Le criticità associate a farmaci innovativi

Al di là del valore clinico, i farmaci innovativi sono sioggetti a importanti complessità: percorso di approvazione, scarso confronto con agenzie regolatorie, percezione di costo e costo-efficacia inadeguata, sostenibiltà della spesa. «Queste difficoltà – commenta Annarita Egidi, Coordinatrice Area Terapie & Innovazione Federchimica-Assobiotec – impattano sull’accesso del paziente alle terapie e possono riferirsi a criticità di farmacoeconomia, come la capacità di “misurazione” del prezzo della tecnologia, o a definire l’innovatività di un farmaco in caso ad esempio di malattie rare come anche di governance, ovvero alla spesa farmaceutica soggetta un sottofinanziamento cronico che si esprime con payback e tetti di spesa che non comunicano tra loro.
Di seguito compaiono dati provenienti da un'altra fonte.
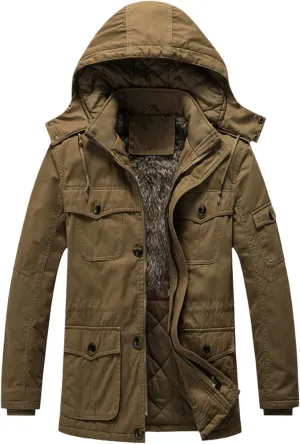 Winter Jacket Men Thicken Warm Cotton-Padded Fleece Jackets Men's Windbreaker Fur Hooded Parka Coats Snow Clothing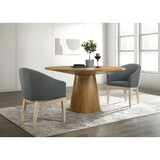 Jasper Driftwood Finish 3 Piece Round Dining Table Set with Gray Barrel Chairs B061S00723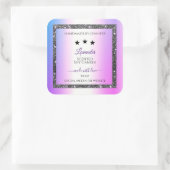 Holografisch gekleurde zilver Glitter-productlabel Vierkante Sticker (Tas)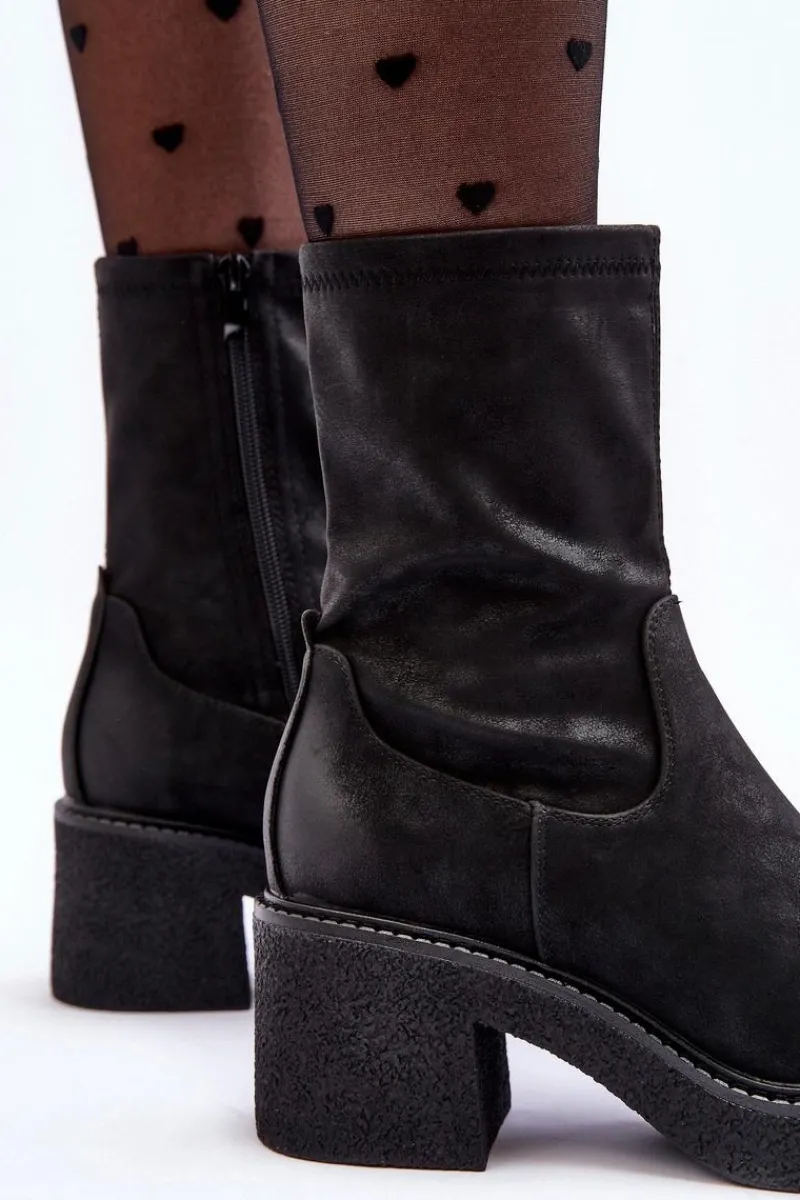 Hot Buty Sergio Leone Botki Damskie Na Masywnym Obcasie Czarne Tozanna Czarny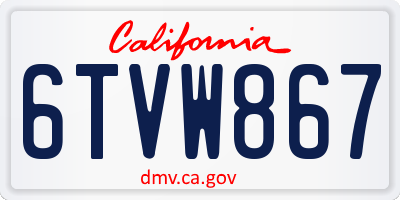 CA license plate 6TVW867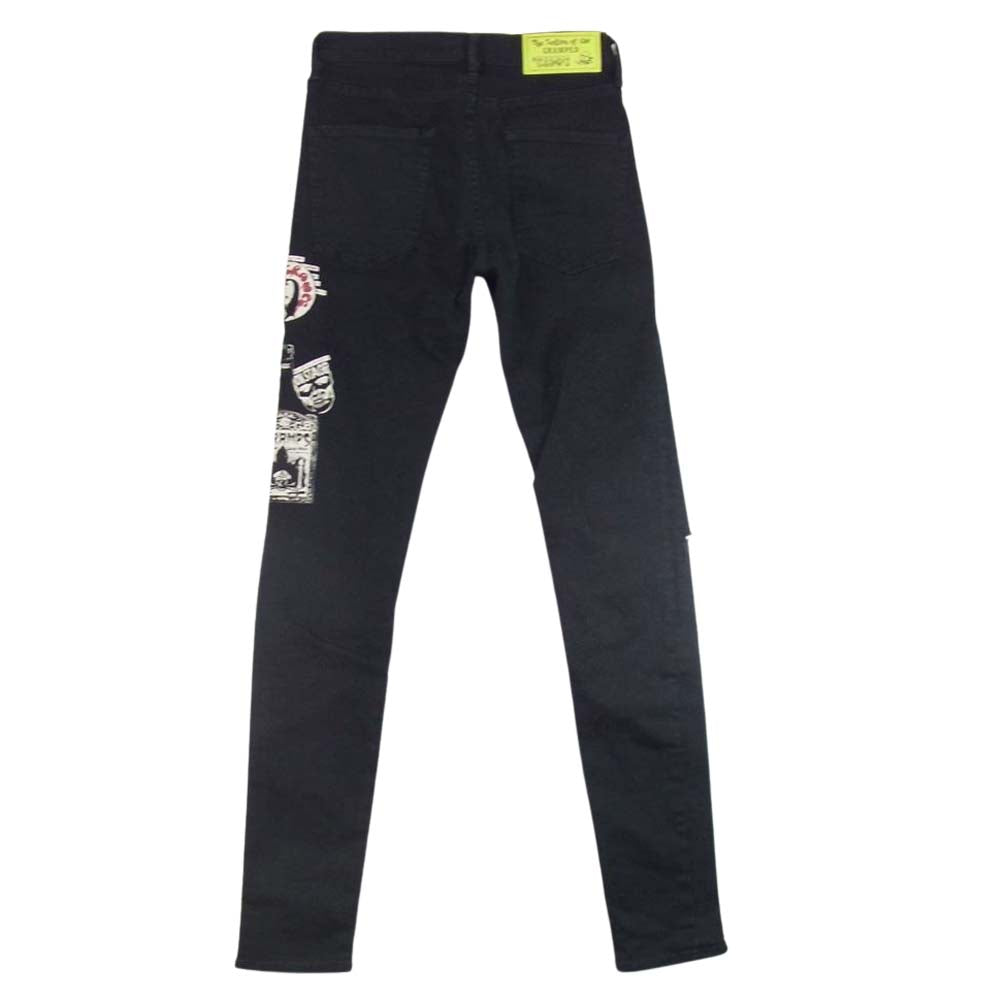 HYSTERIC GLAMOUR ヒステリックグラマー 0661AP05 THEE HYSTERIC XXX CR/PATCH＆SLASH クラッシュ加工 パッチワーク リメイクスリム デニムパンツ ブラック系 29【中古】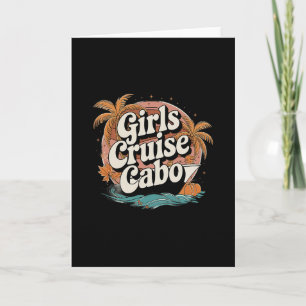 Girls Cruise Cabo Thanksgiving Fall Retro Vintage Card
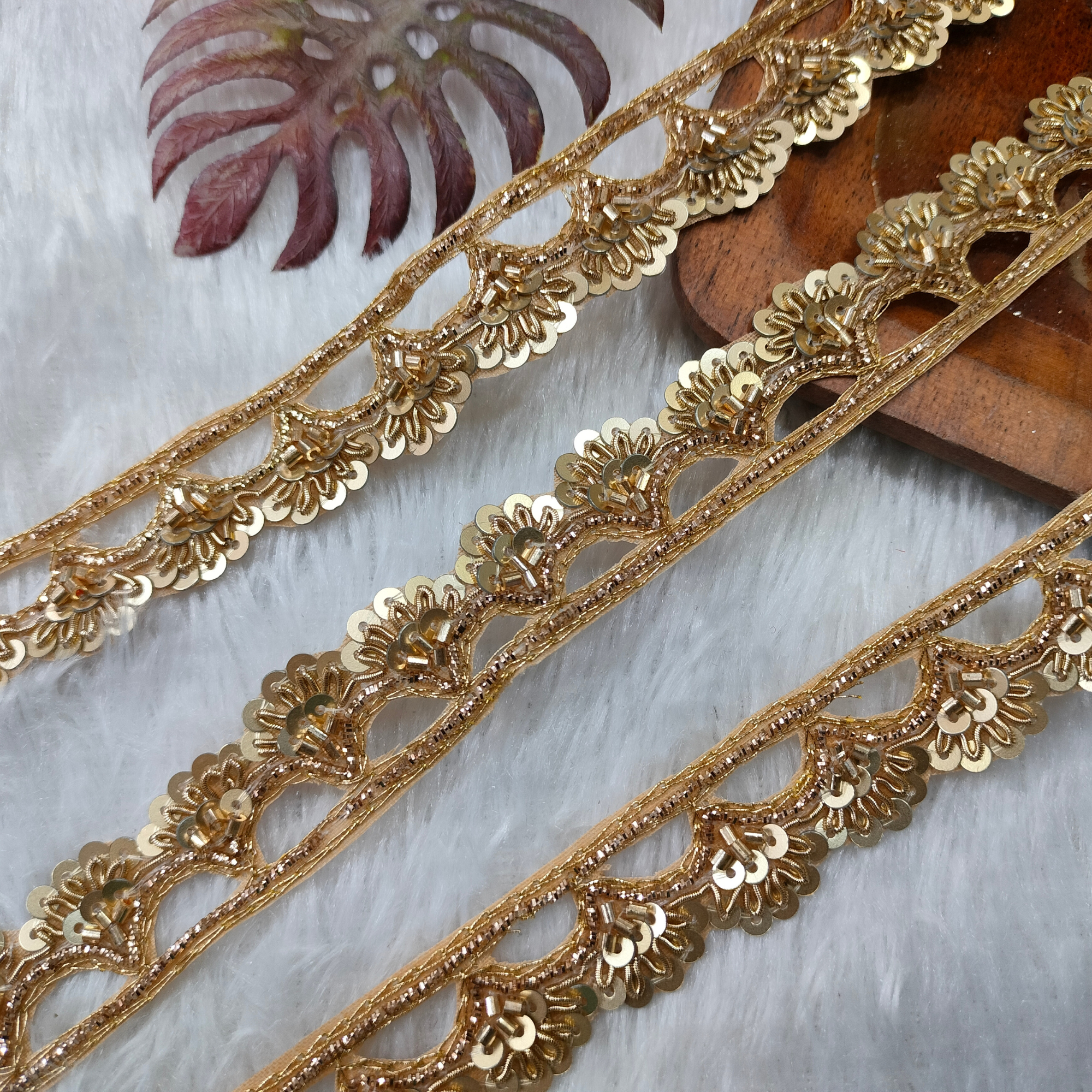 Antique Gold Handwork Zardozi Lace
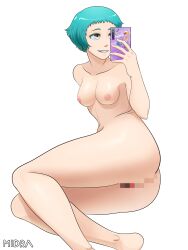 Rule 34 | 1girl, aqua hair, artist name, ass, barefoot, breasts, brown eyes, cellphone, censored, collarbone, commentary request, completely nude, feet out of frame, from behind, grin, highres, holding, holding phone, lying, midra, mosaic censoring, nipples, nude, on side, persona, persona 3, phone, selfie, short hair, small breasts, smartphone, smile, solo, thighs, white background, yamagishi fuuka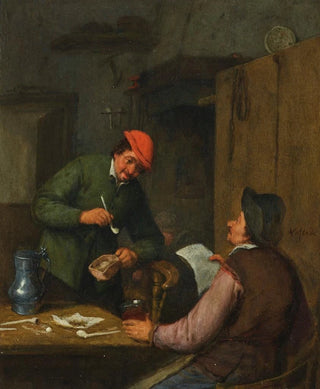 Adriaen van Ostade - Two peasants smoking drinking and reading at an inn.webp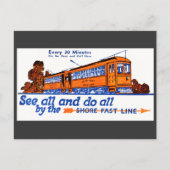 Die Shore Fast Line Trolley Service Postkarte (Vorderseite)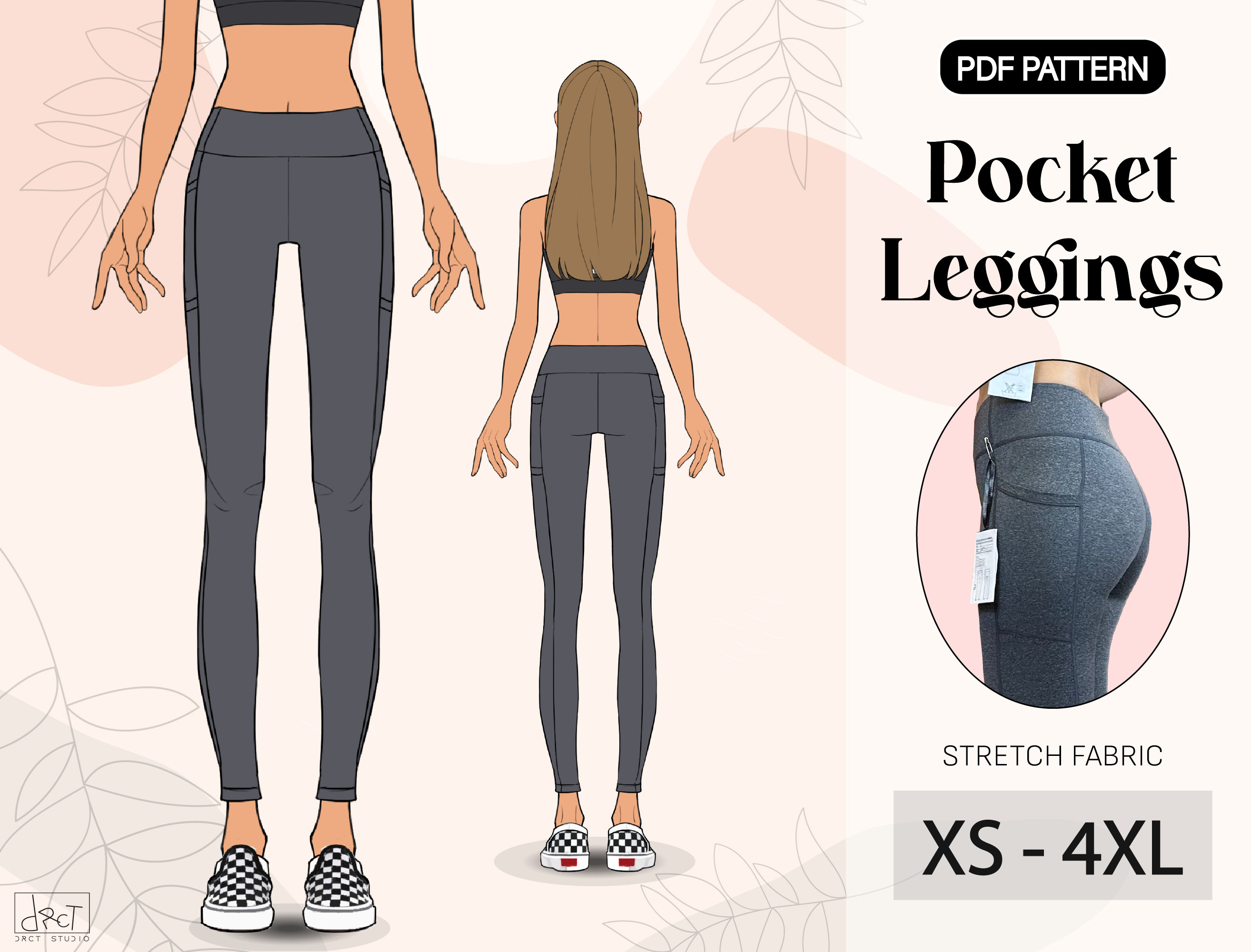 Eugenia Sportswear PDF sewing pattern and sewing tutorial including 4  length leggings and sports bra with racer back style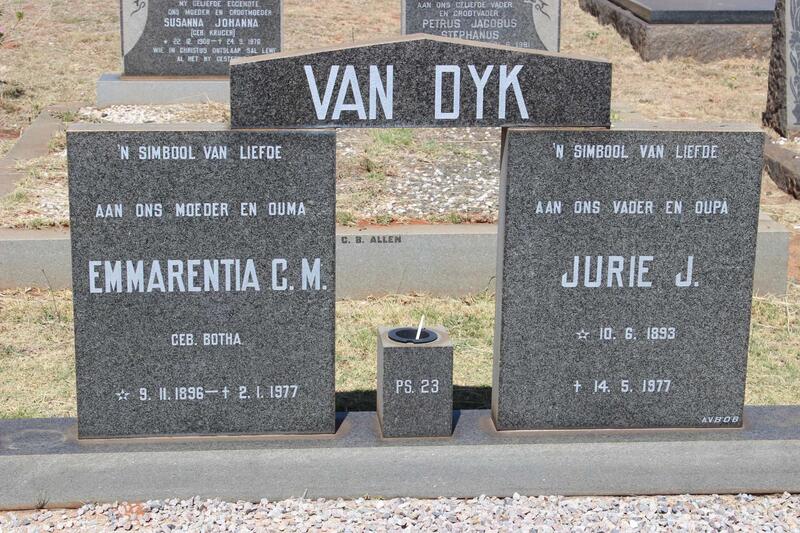 DYK Jurie J., van 1893-1977 & Emmarentia C.M. BOTHA 1896-1977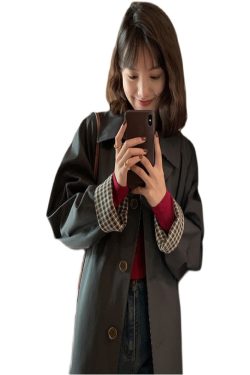 Women's Mid-Length Trench Coat - 2025 Spring Autumn Plaid Chic Style, Small Size, Korean Fashion for Early Fall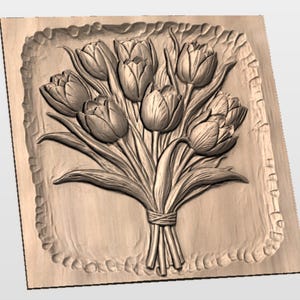 Tulip Bouquet 3D Relief STL for CNC Router | Floral Bunch Wood Carving Panel | Spring Flowers Wall Art | 3D Print image 2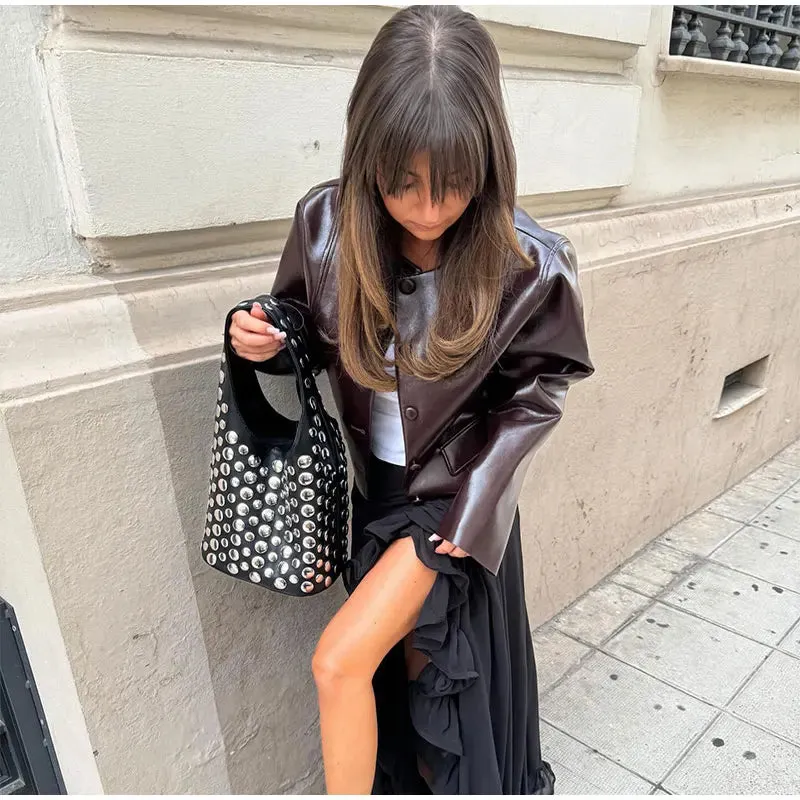 Women Elegant Solid Zipper Short Bomber Leather Chic Lapel Long Sleeves Cropped Jackets 2024 New Female Party Fashion Streetwear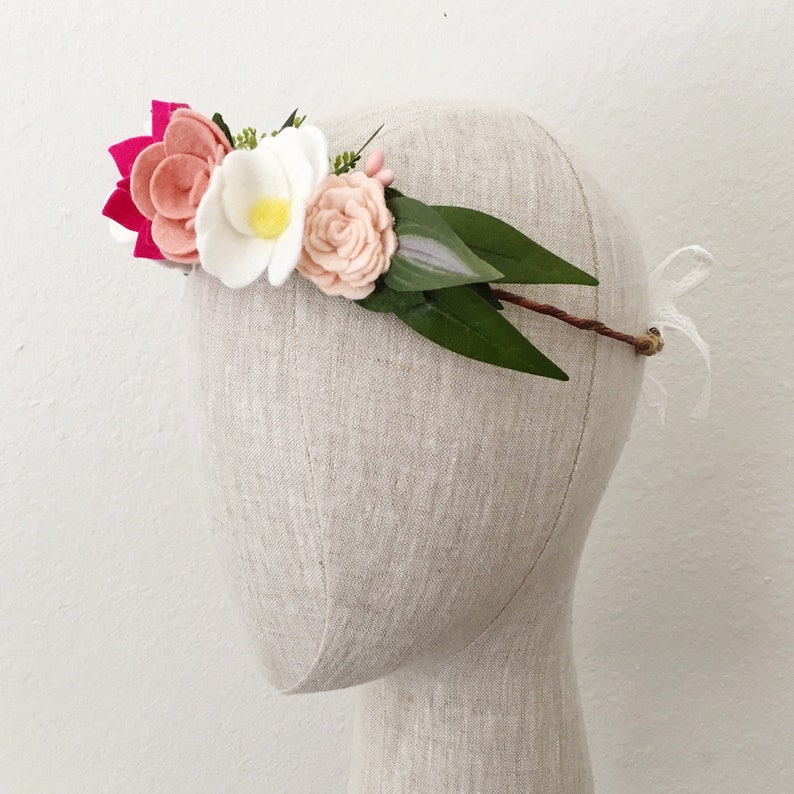 Tropical Felt Flower Crown Luau Flower Crown Hawaiian Etsy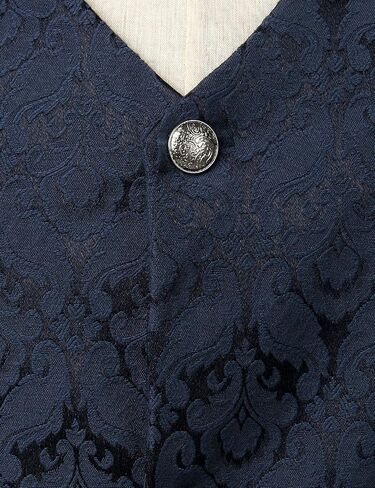 ZEROYAA Mens Single Breasted Vest Gothic Steampunk Victorian Brocade Waistcoat in Saudi Arabia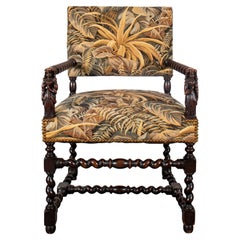 Jacobean Revival Carved Wood Armchair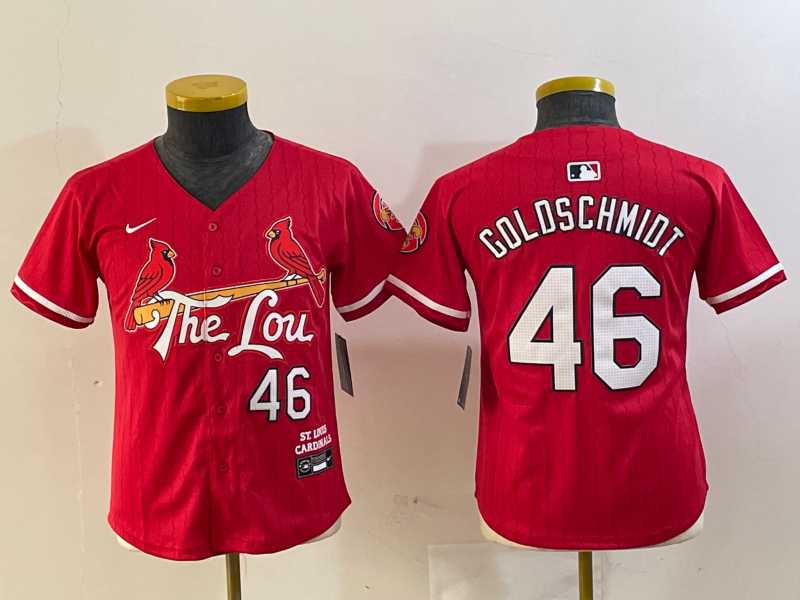 Youth St Louis Cardinals #46 Paul Goldschmidt Red 2024 City Connect Limited Stitched Baseball Jersey->mlb youth jerseys->MLB Jersey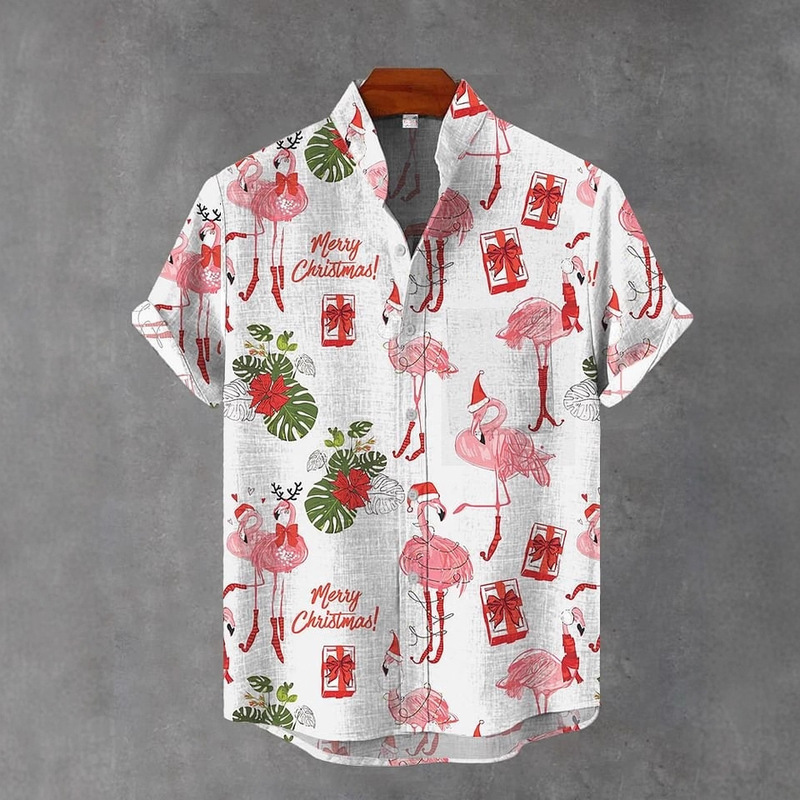 Autumn European and American Cross-Border European Size Fashionable Women's Christmas Flower Lapel Shirt 3D Digital Printing Short-Sleeved Shirt Autumn European and American Cross-Border European Size Fashionable Women's Christmas Flower Lapel Shirt 3D Digital Printing Short-Sleeved Shirt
Tra le soluzioni possibili si profilano la definizione di un sistema in grado di migliorare il dialogo e un early access più efficiente. Mentre in tema di governance, occorre un finanziamento adeguato della spesa a lungo termine e nel breve alla definizione di un sistema che possa risolvere il disavanzo della spesa territoriale e dunque ridurre l’impatto del payback, fino a studiare come migliorare utilizzo del fondo innovazione per farmaci con innovazione potenziale».